■ ASSIGNMENT: Please give back only the lines below from the one containing "1:1 3_toes anthro" to the one containing "Ronald Johnson Crooked", each repeated word for word, both ends included.

■ LISTED RECORDS:
-----
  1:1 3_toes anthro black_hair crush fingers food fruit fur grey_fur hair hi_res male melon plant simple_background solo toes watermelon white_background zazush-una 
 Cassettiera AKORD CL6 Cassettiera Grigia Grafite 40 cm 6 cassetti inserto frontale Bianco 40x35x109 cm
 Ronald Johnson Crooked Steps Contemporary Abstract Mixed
-----
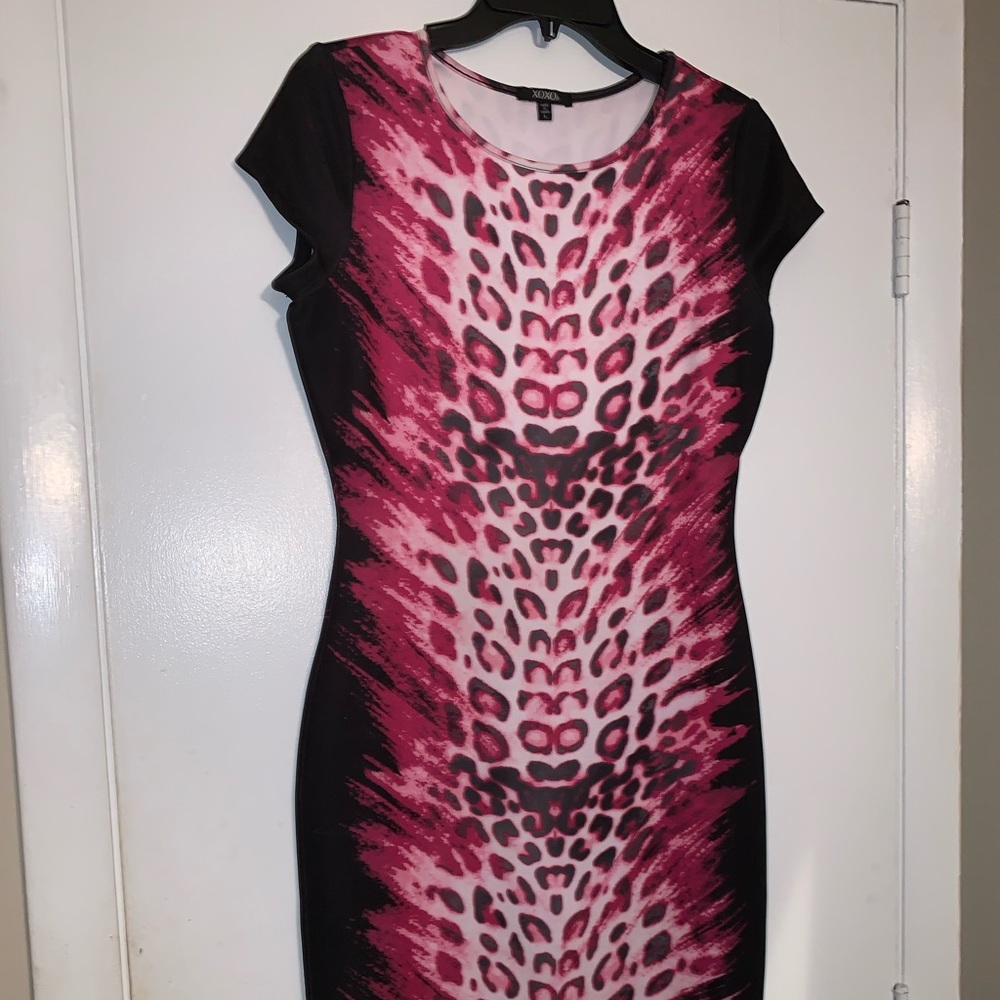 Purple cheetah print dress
-----
■ EXERCISE ANSWER:
  1:1 3_toes anthro black_hair crush fingers food fruit fur grey_fur hair hi_res male melon plant simple_background solo toes watermelon white_background zazush-una 
 Cassettiera AKORD CL6 Cassettiera Grigia Grafite 40 cm 6 cassetti inserto frontale Bianco 40x35x109 cm
 Ronald Johnson Crooked Steps Contemporary Abstract Mixed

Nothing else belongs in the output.